Upon deceased acquiring family, GPF nomination in favour of mother became invalid and in absence of fresh nomination, mother and spouse had equal claim – SC
In a recent judgment, the Hon’ble Supreme Court has held that upon the deceased acquiring family his earlier GPF nomination in favour of mother became invalid and in absence of fresh nomination GPF amount had to be released in equal shares to all members of the family
ABCAUS Case Law Citation:
4909 (2025) (12) abcaus.in SC
In the instant case, when the deceased joined service, as per the applicable rules, he nominated his mother as recipient of GPF, Central Government Employees Group Insurance (CGEGIS) and Death cum Retirement Gratuity (DCRG). Later, the deceased married the appellant and nominated her as recipient for CGEIS and DCRG only.
Rule 5(5)(b) of General Provident Fund (Central Service) Rules, 1960 provides that the nomination shall become invalid in the event of the happening of a contingency which is specified by the subscriber. In the present case, the deceased had specified such contingency as “on acquiring family”.
When the appellant applied for the funds accumulated in the GPF to be released, they were refused on account of mother of the deceased being the nominee on record.
The appellant agitated the issue before the Central Administrative Tribunal (CAT) held that although initially, the nomination of mother was valid, due to Rule 5(5)(b) it subsequently became invalid on the deceased marrying the appellant but was not changed accordingly by the deceased and thus had to be declared invalid. Since no nomination persisted at the time of death, it was held that the amount had to be released in equal shares to all members of the family. As such it was directed that the wife and mother of the deceased both would receive half of the total amount.
The mother of the deceased challenged the order of the CAT before the High Court which set aside findings of the CAT.

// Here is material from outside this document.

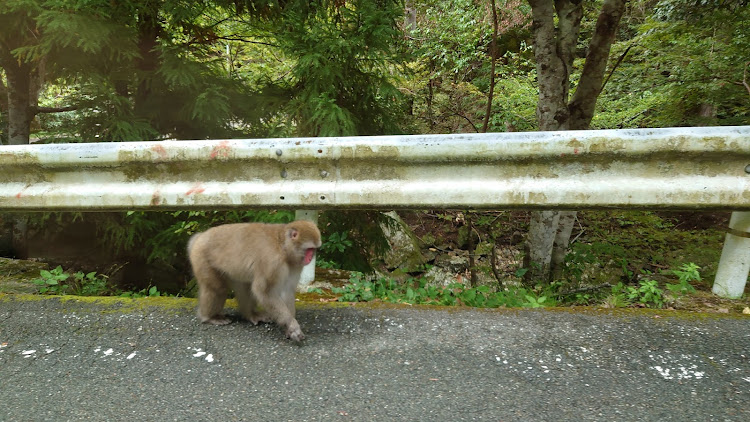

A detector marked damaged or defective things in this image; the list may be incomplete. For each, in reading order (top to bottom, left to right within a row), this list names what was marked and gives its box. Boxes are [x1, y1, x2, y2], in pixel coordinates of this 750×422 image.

rusted metal [1, 125, 750, 211]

The Hon’ble High Court observed that combined reading of Rules 5(5) and 5(6) does not contemplate or provide for auto cancellation of the nomination in the given event of the deceased marrying. The Deceased had neither sent a notice in writing cancelling the mother’s nomination nor fresh nomination was made in favour of the spouse in accordance with Rule 5 for GPF amount. Therefore, it will not result in auto-cancellation of mother’s nomination on deceased acquiring family by virtue of getting married.
The Hon’ble High Court held that the amount of GPF will have to be paid to the mother alone as per rules and the spouse of the deceased may then claim her share in appropriate proceedings as provided under the law.
Not satisfied with the order of the Hon’ble High Court, the spouse of the deceased (the appellant) filed an appeal before the Hon’ble Supreme Court.
The Hon’ble Supreme Court observed that the Rules do provide that when a nomination becomes invalid, the amount is to be distributed/divided amongst all eligible members, but it was equally to be noted that between the gap of long eighteen years between marriage and death of the deceased, as per Rules, there was an opportunity available to the deceased to alter the nomination for the GPF which he did not.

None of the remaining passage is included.